Ob Bakterienbelastungen oder technische Probleme – dass die Dokumentation sauber und zugänglich sein muss, steht heute außer Frage.

Für mehr Transparenz

„Wenn man in einem Betrieb aber nur mit Papier und Bleistift arbeitet, schafft das Fehlerquellen: Man kann sich verschreiben, Zettel gehen verloren, oder die Handschrift ist unleserlich. GS1 Trace ist ein Tool, mit dem man auf Knopfdruck die gesamte Wertschöpfungskette einsehen kann”, so Lauer.

Relevant ist GS1 Trace in Österreich vor allem im Bereich Frischfleisch und Fleischwaren. Und mit GS1 Trace sind vom Schlacht- bis zum Zerlegebetrieb entlang der Wertschöpfungskette alle dazu angehalten, ihre Daten in das System zu pflegen. „Die Rückverfolgbarkeit öffentlich zu machen, ist einfach ehrlich”, sagt Lauer. Bei GS1 Trace stellt jedes Unternehmen genau die Informationen zur Verfügung, für die es die Verantwortung trägt.
Unternehmen, die GS1 Trace verwenden, wollen transparent sein, weiß Lauer. Dass sie dadurch gleichzeitig auch die Bewusstseinsbildung beim Konsumenten fördern, sei ein positiver Effekt. „Klar ist, dass der Konsument immer mehr Transparenz fordert und diesen Service als Mehrwert versteht. Und die Unternehmen, die mitmachen, können sich von ihren Mitbewerbern abheben.”

Prüfalgorithmus

In Österreich arbeitet GS1 bereits mit 15 Lieferanten zusammen, die gut 2.300 unterschiedliche Artikelnummern in der Wertschöpfungskette einpflegen. Bei der gewissenhaften Anwendung des Services muss sich GS1 allerdings auf die Unternehmen verlassen.

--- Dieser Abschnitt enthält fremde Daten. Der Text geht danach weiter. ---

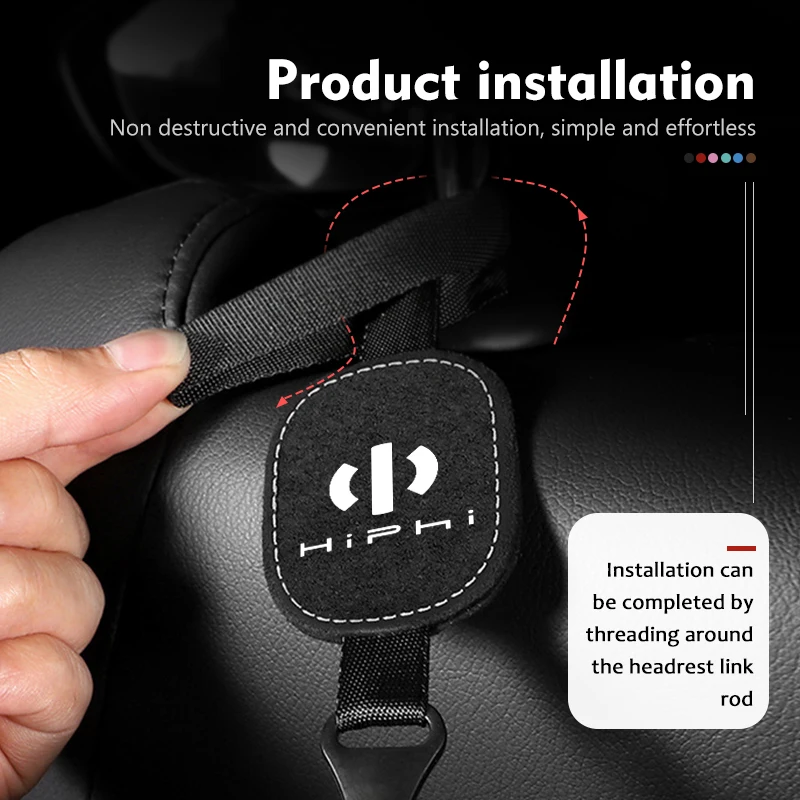 Крючок на заднее сиденье автомобиля меховая кожаная застежка аксессуары для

„Die Manpower und Kompetenz für Kontrollen vor Ort haben wir nicht. Wir bieten einen Service an und gehen davon aus, dass die, die ihn nutzen, die Daten gewissenhaft einpflegen”, so Lauer. An sich gebe es einen Prüfalgorithmus.
„Aber es ist für uns schwer nachzuvollziehen, ob ein Produzent österreichische Schweine verarbeitet hat und ob davon nicht eines aus dem Ausland kam. Gegen kriminelle Energie ist kein Kraut gewachsen.”

Fullservice garantiert

Abhängig von ihrer wirtschaftlichen Leistungsfähigkeit, bezahlen kleine Unternehmen weniger, größere mehr. „Unabhängig von der Höhe der jährlichen Lizenzkosten haben alle Unternehmen denselben Fullservice inkl. Unternehmensbesuche direkt vor Ort”, erklärt Lauer.

Einer der großen Kunden von GS1 ist Metro. Der Großhändler war im Rahmen eines Pilotprojekts mit dem Fleischwarenhersteller Berger einer der ersten Nutzer von GS1 Trace. „Metro hat schnell verstanden, dass man das Tool auch als Marketinginstrument verwenden kann und arbeitet stark mit Storytelling, aber auch mit Rezepten für den Konsumenten”, erklärt Lauer den Zugang.

Auch für Eigenmarken

Im Falle von Metro laden sich die Konsumenten die passende App herunter und scannen dann den Strichcode auf dem Produkt ein. „Dies ermöglicht den Zugang zu einer Google-Landkarte mit Herkünften, dem Weg, den das Produkt gegangen ist, und wenn wir das Beispiel Fisch hernehmen die Fangzone, Informationen zur Fischart und so weiter”, erklärt der GS1 Trace-Leiter.

Metro zeigt auch, wie GS1 Trace für Eigenmarken genutzt werden kann. „Metro nutzt beispielsweise für zahlreiche seiner Produkte die eigene App ProTrace und differenziert sich natürlich dadurch”, so Lauer. Er weist aber auch darauf hin, welche Auswirkungen die Einbindung von Eigenmarken auf Markenartikler haben könnte:
„Viele Eigenprodukte werden ja von Markenartiklern hergestellt und wenn man zu denen viele Infos zur Verfügung stellt und zu den Markenartikeln nicht, dann bringt man Unternehmen damit auch unter Zugzwang.”

Was ist noch möglich?

Die Anwendung des Tools sei einfach: „Man versteht das System schnell und muss nur verstehen, wie es denkt. GS1 Trace denkt in Input und Output und versucht alle Schnittstellen zu verknüpfen”, so Lauer.

Doch GS1 bietet nicht nur für den Agrar- und Ernährungssektor eine Lösung. Grundsätzlich ist GS1 Trace für alle Branchen skalier- und anwendbar. Theoretisch könnte man GS1 Trace auch für Textilien und für die Bauwirtschaft nutzen.